Exercise input:

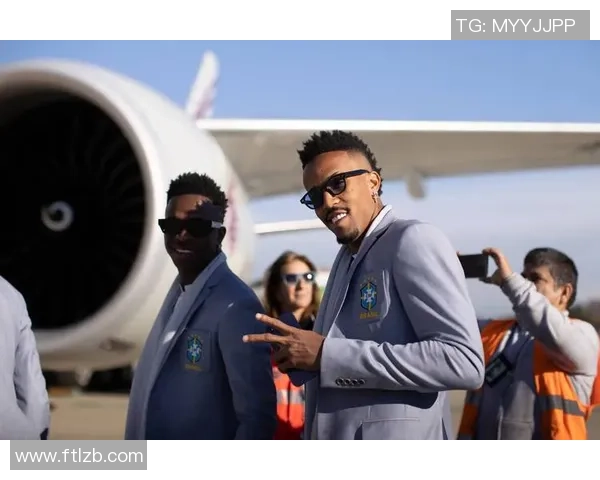 足球明星短项链高清图片展示时尚魅力与个性风格的完美结合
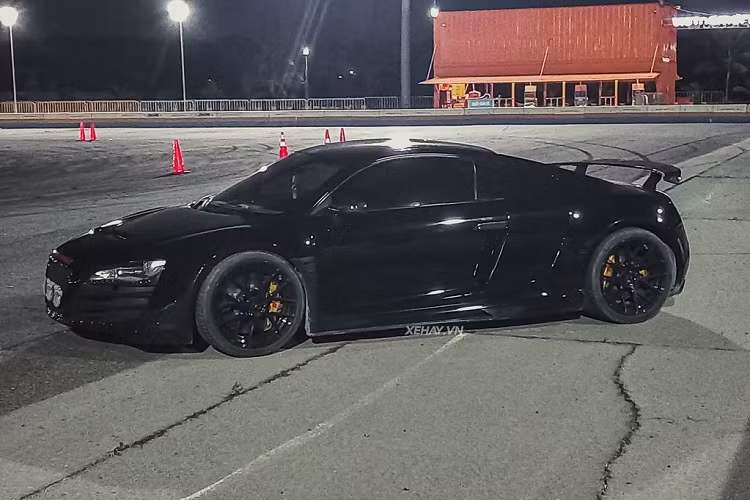 Siêu phẩm nước Đức này thuộc phiên bản R8 thế hệ cũ, ra đời cách đây khoảng hơn 10 năm. Trước khi mang trong mình "bộ cánh" màu đen huyền bí và cá tính này, siêu phẩm R8 độ body-kit Prior Design đã từng trải qua khá nhiều lần đổi màu “áo”, như: trắng, xám, vàng,... .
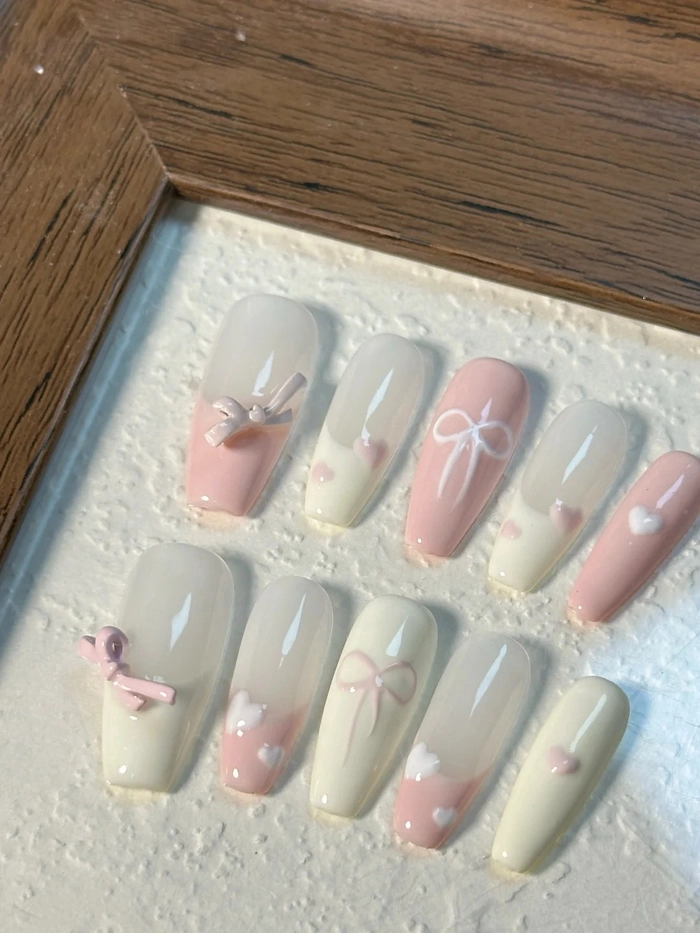 Nail hồng trắng kiểu Hàn xinh xắn
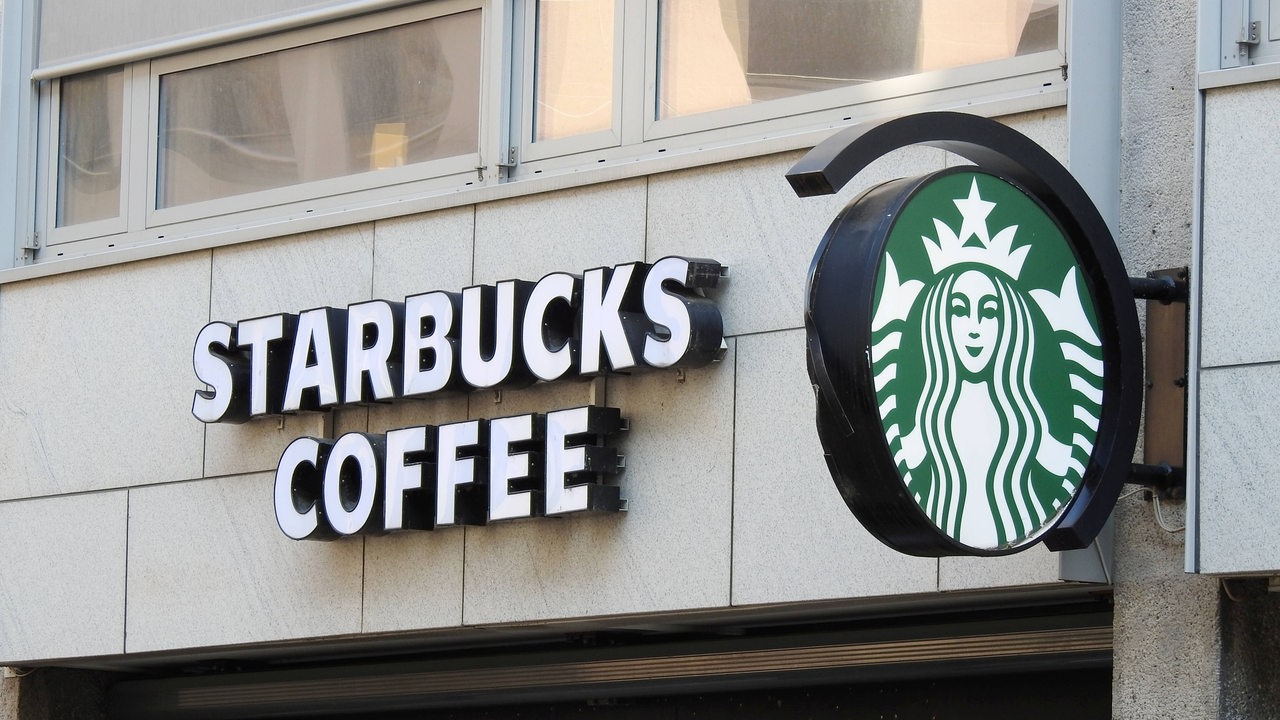 Schriftzug einer Starbucks-Filiale in Deutschland (Archivbild)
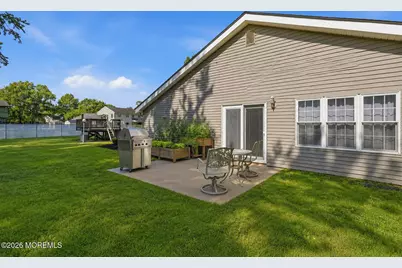 22 Ethan Allen Road, Freehold, NJ 07728 - Photo 15
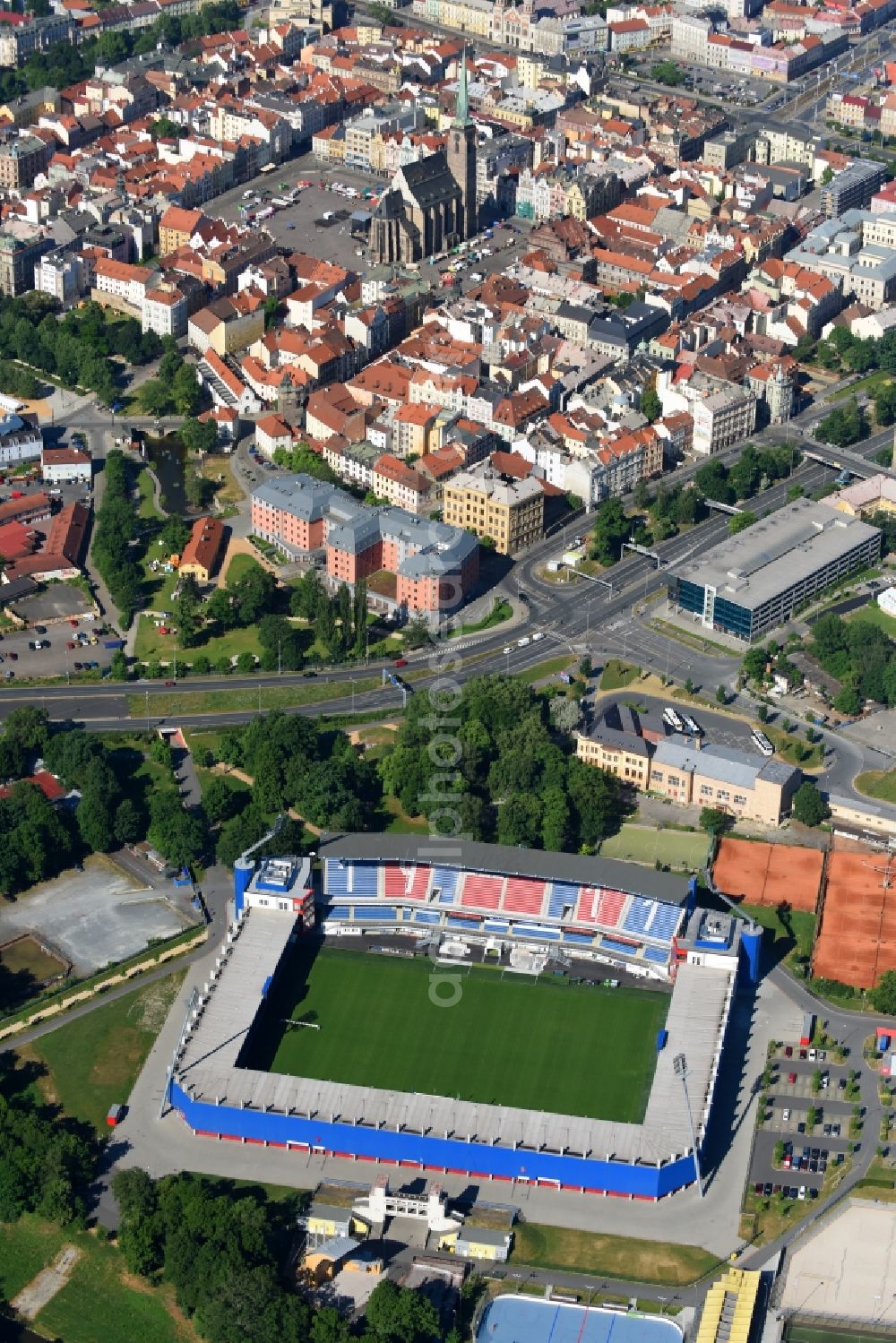 Aerial photograph Pilsen - Sports facility grounds of the Arena stadium Doosan Arena on Struncovy sady in Pilsen in , Czech Republic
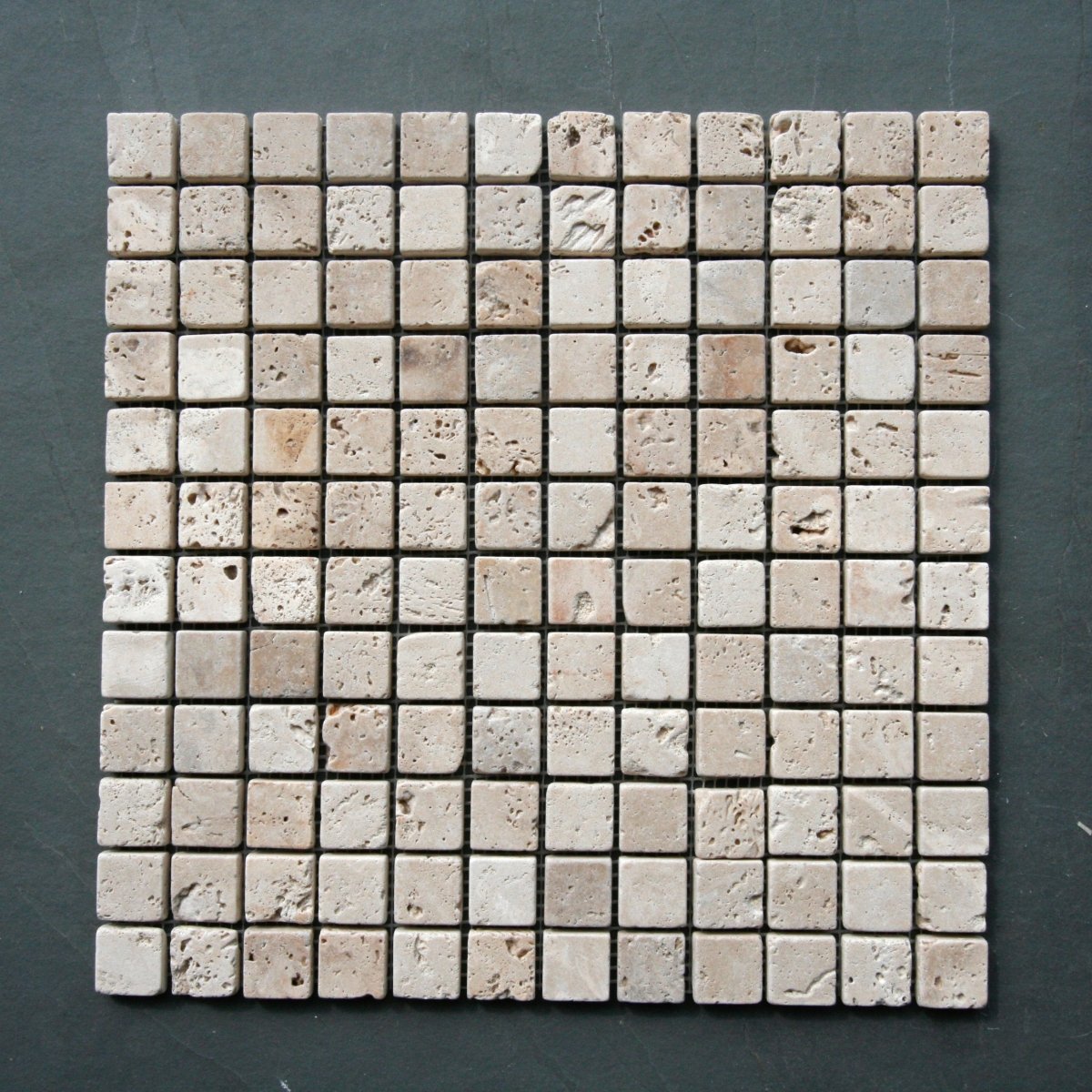 Naturstein Mosaikfliesen aus Travertin Light Medium, 2,2 x 2,2 cm, detailreiche Oberfläche, ideal für Wand- und Bodenbeläge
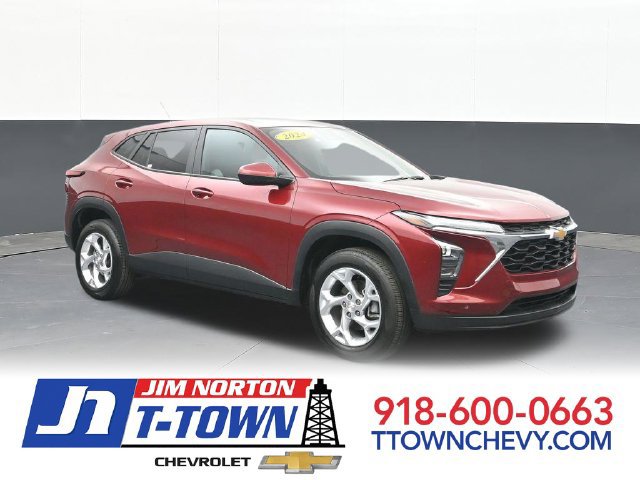 Used 2024 Chevrolet Trax LS w/ LS Convenience Package FWD 360° Tour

Activity: Write the listing out exactly, apart from its pictures.

Output below:
 足球明星短项链高清图片展示时尚魅力与个性风格的完美结合
 Siêu phẩm nước Đức này thuộc phiên bản R8 thế hệ cũ, ra đời cách đây khoảng hơn 10 năm. Trước khi mang trong mình "bộ cánh" màu đen huyền bí và cá tính này, siêu phẩm R8 độ body-kit Prior Design đã từng trải qua khá nhiều lần đổi màu “áo”, như: trắng, xám, vàng,... .
 Nail hồng trắng kiểu Hàn xinh xắn
 Schriftzug einer Starbucks-Filiale in Deutschland (Archivbild)
 22 Ethan Allen Road, Freehold, NJ 07728 - Photo 15
 Aerial photograph Pilsen - Sports facility grounds of the Arena stadium Doosan Arena on Struncovy sady in Pilsen in , Czech Republic
 Naturstein Mosaikfliesen aus Travertin Light Medium, 2,2 x 2,2 cm, detailreiche Oberfläche, ideal für Wand- und Bodenbeläge
 Used 2024 Chevrolet Trax LS w/ LS Convenience Package FWD 360° Tour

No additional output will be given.